» **What you have to do**
Print exactly the lines from the one containing "94 - Oak drop" through the last line of the entries below; the pictures stay out of the copy.

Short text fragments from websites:
※
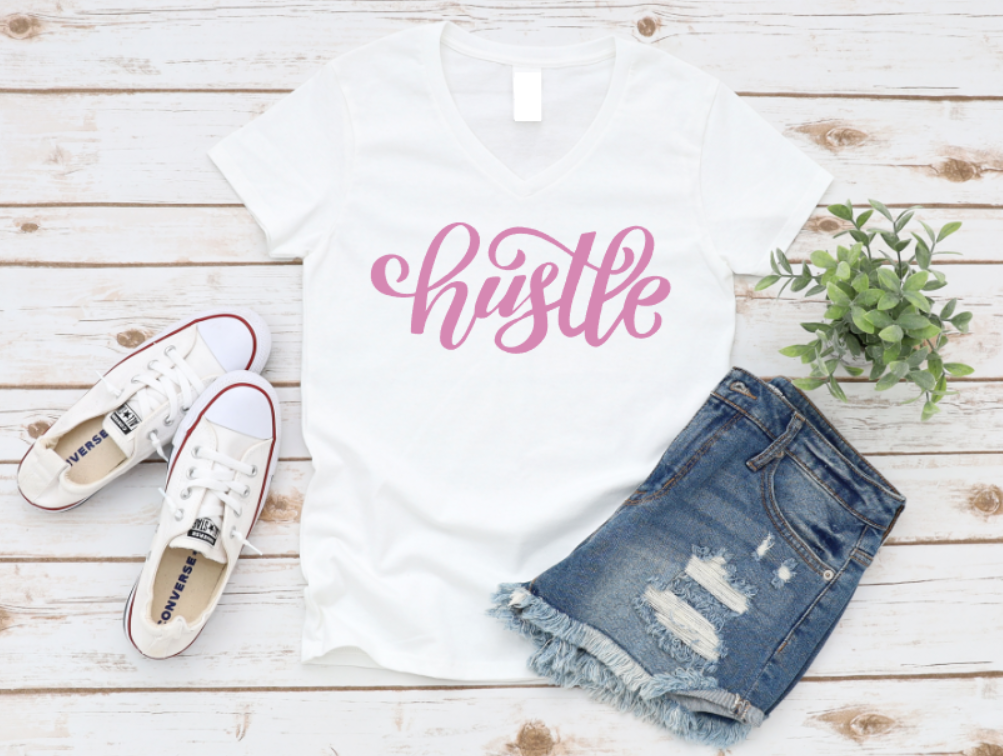 White t-shirt with 'hustle' text, blue jeans, white sneakers, and a plant on a wooden surface.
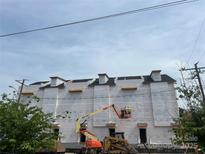 A building under construction with construction workers and equipment, under a blue sky at 3018 Casting St # 20, Charlotte, NC 28206
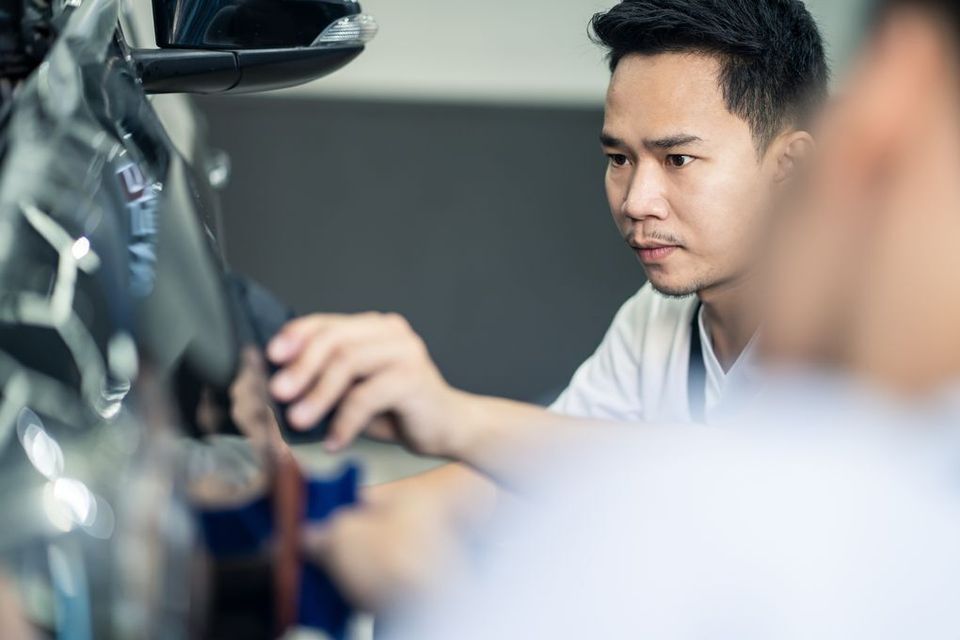 Asian car film protection male worker installing f 2021 10 27 19 53 08 utc (1)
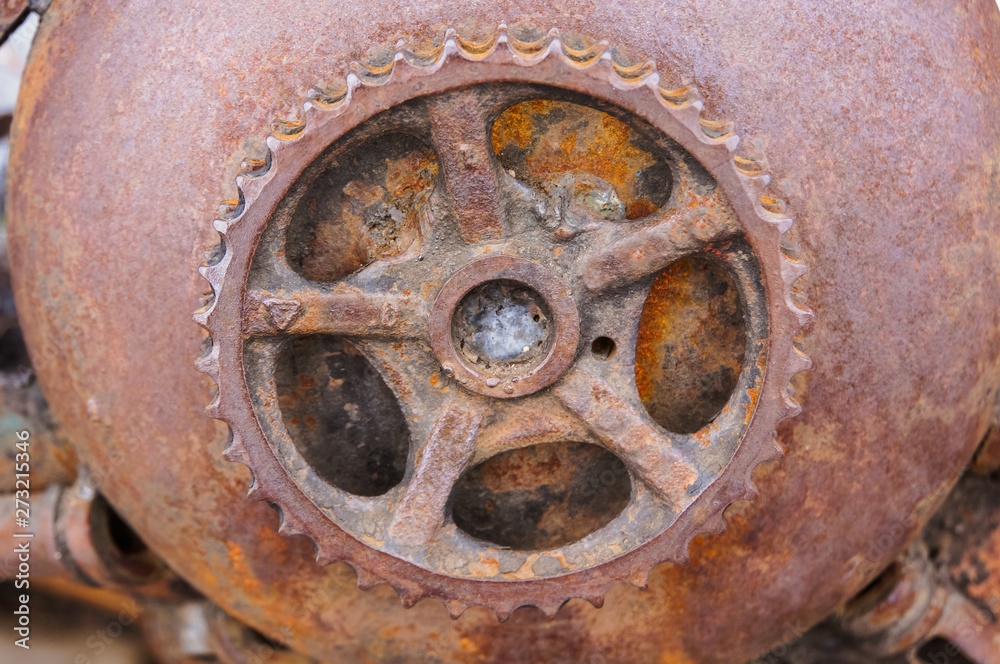 rusty gear closeup, rusty ancient mechanism rusty gear closeup, rusty ancient mechanism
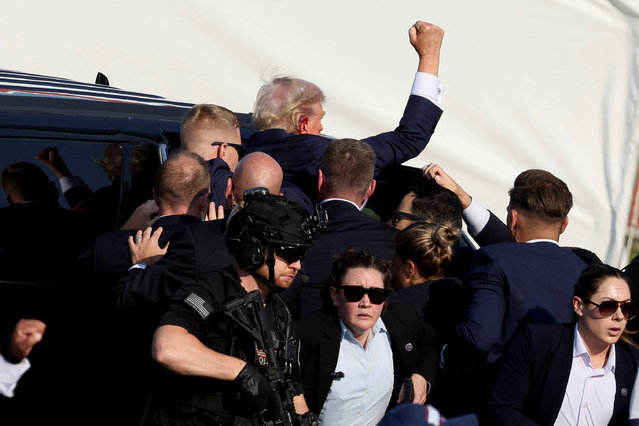 Trump gestures as he gets into a vehicle with the assistance of Secret Service personnel on July 13, 2024. (Photo by Brendan McDermid/Reuters)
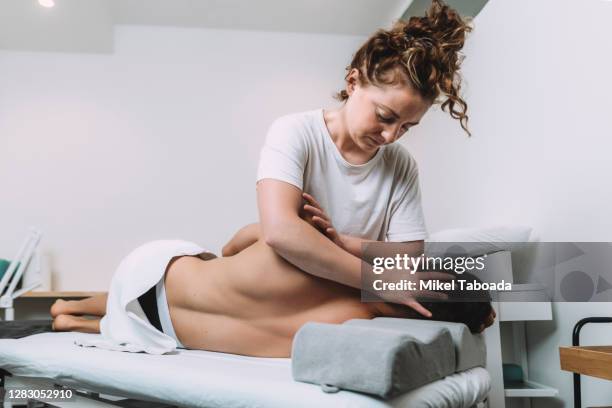 female physical therapist treating the injury to a man - osteopathie stockfoto's en -beelden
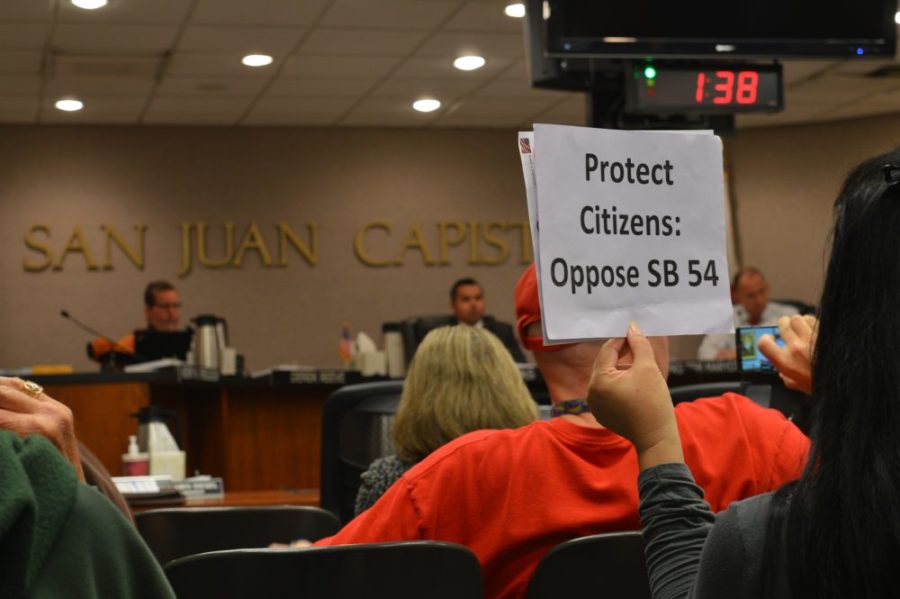 A supporter of the symbolic resolution against Senate Bill 54, this woman holds a sign showing her disagreement with the bill. The city council in the distance, listening to the public and what they have to say. 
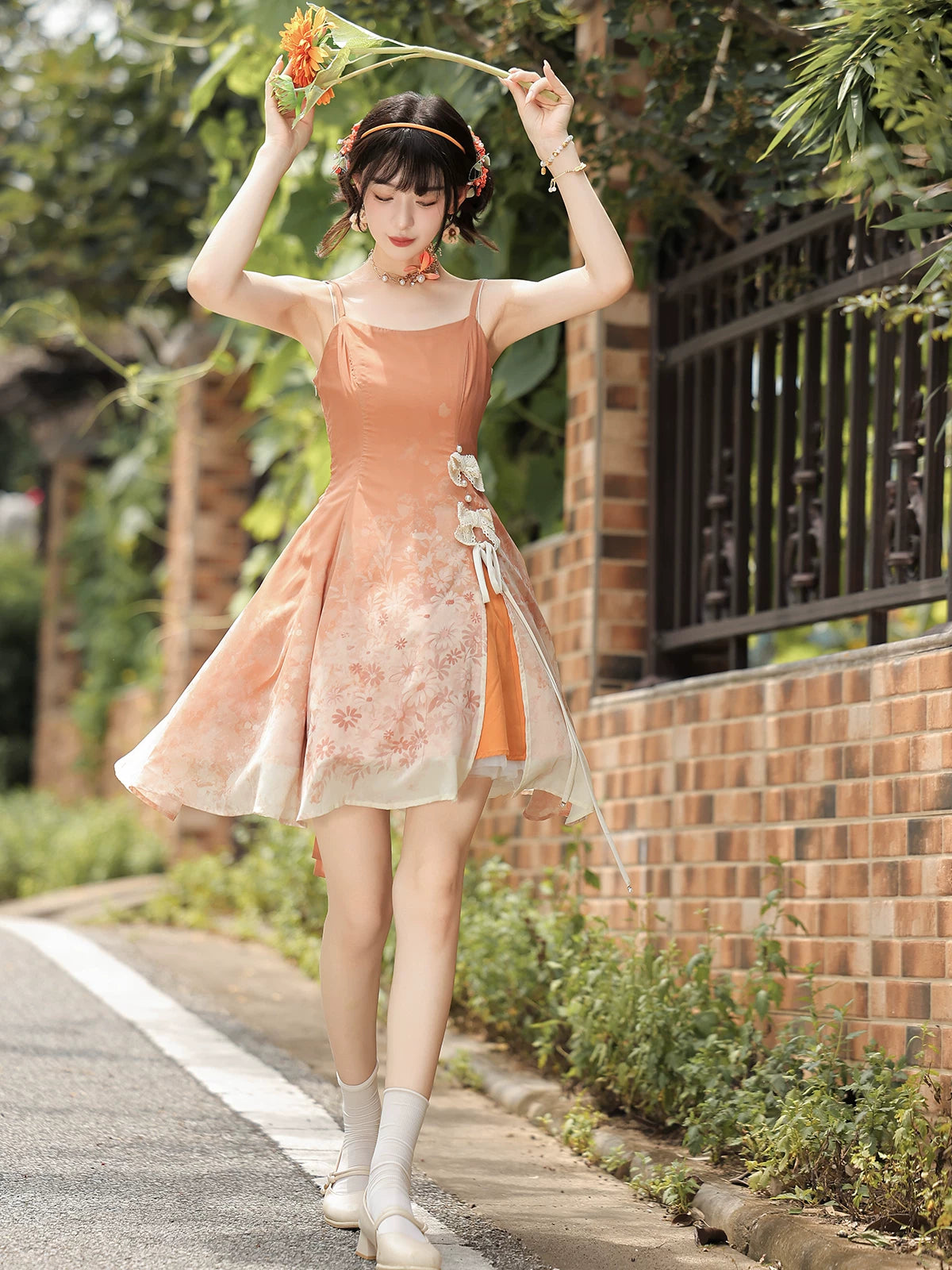 Full length view of the peach floral dress without the outer layer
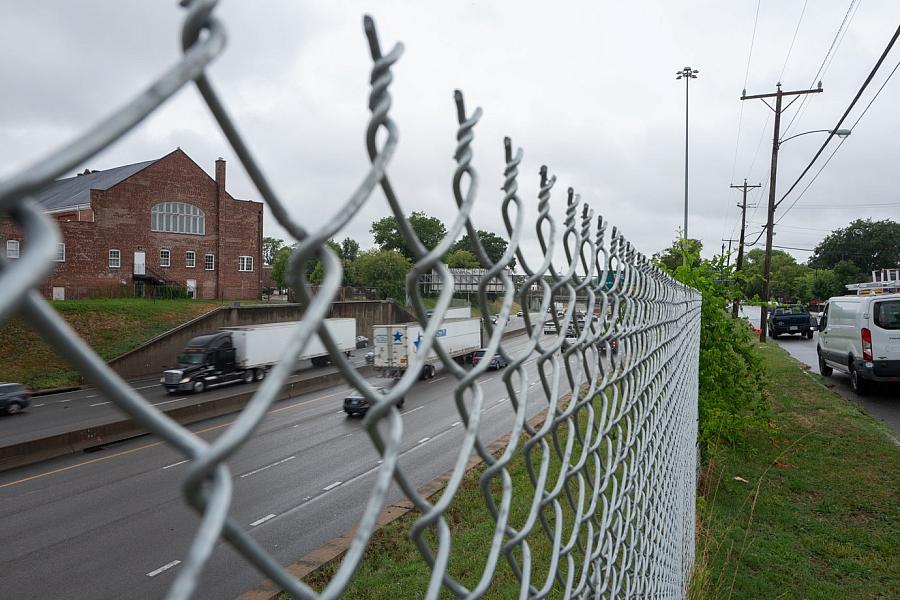 Highway visible through a fence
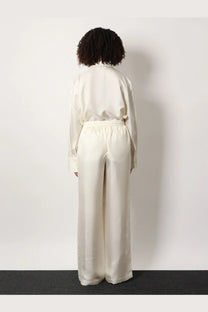 Rohe women’s jogger silk trousers in cream-colored satin with relaxed wide-leg cut and elastic waistband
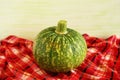 Still life with green pumpkin in a center on a checkered towel on a light green wooden background.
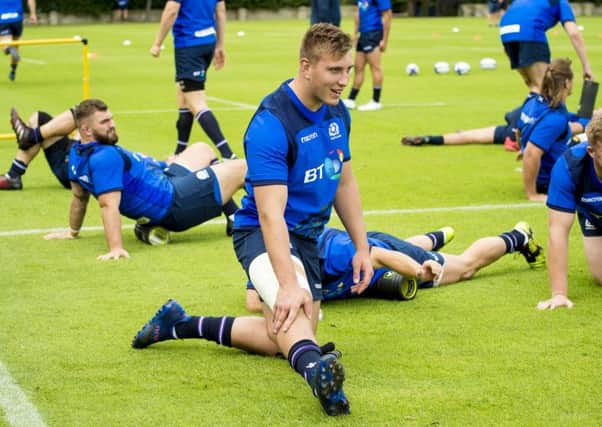 Matt Fagerson does some stretching exercises at the Scotland training camp. Picture: SNS/SRU.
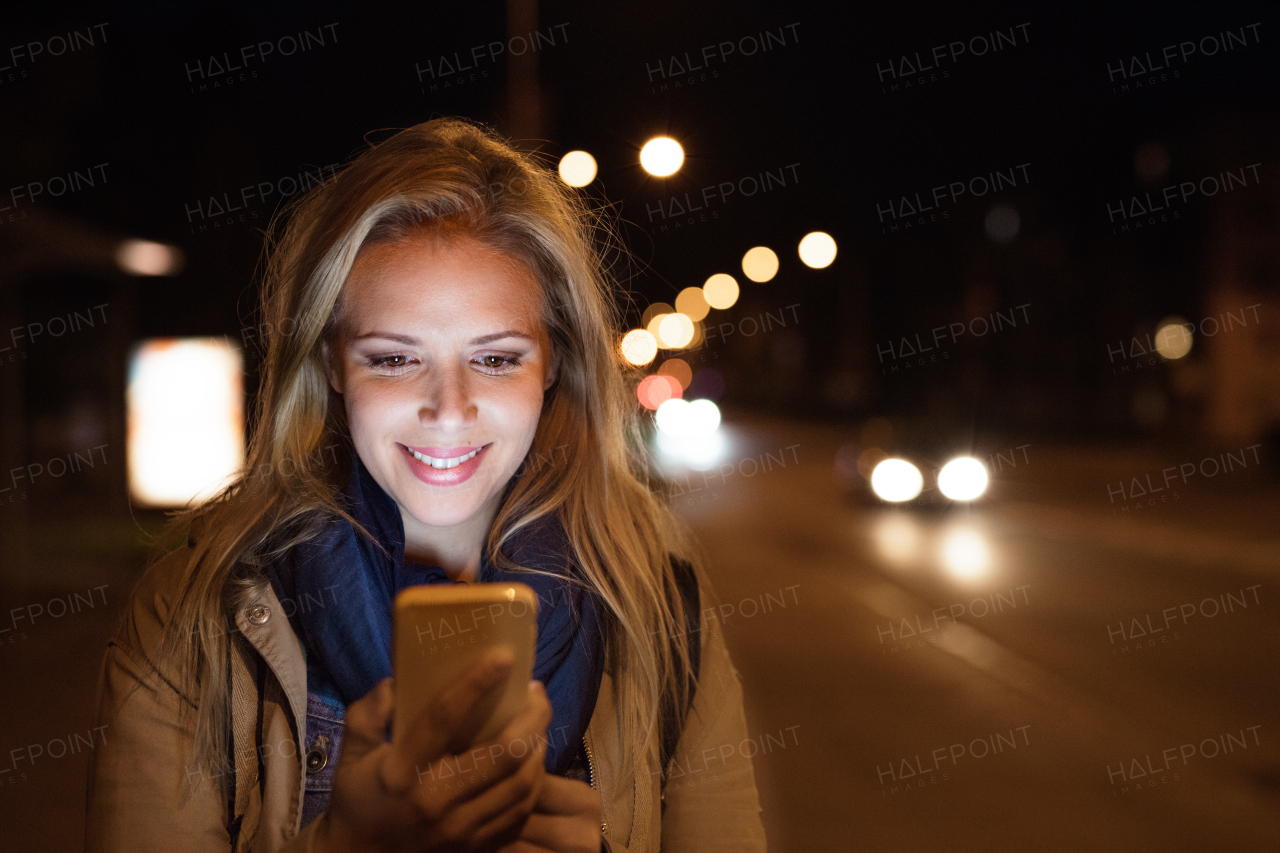 Beautiful woman in the city at night holding smartphone, texting.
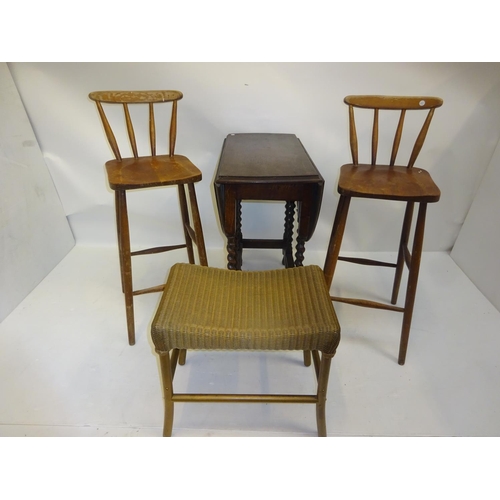 94 - Oak drop leaf table, pair of kitchen stools and a Lloyd Loom stool. (4)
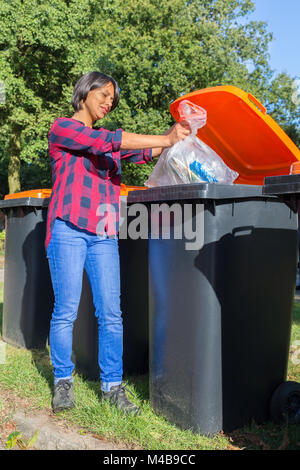 Standing dutch woman dropping plastic waste in trash bin Stock Photo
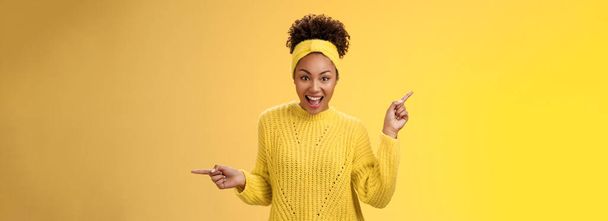 Energized active charismatic african-american woman afro hairstyle in sweater headband screaming fascinated enthusiastic pointing left right impressed variaty awesome choices, picking products. - Photo, Image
※
» **Written response**
 94 - Oak drop leaf table, pair of kitchen stools and a Lloyd Loom stool. (4)
 Standing dutch woman dropping plastic waste in trash bin Stock Photo
 Energized active charismatic african-american woman afro hairstyle in sweater headband screaming fascinated enthusiastic pointing left right impressed variaty awesome choices, picking products. - Photo, Image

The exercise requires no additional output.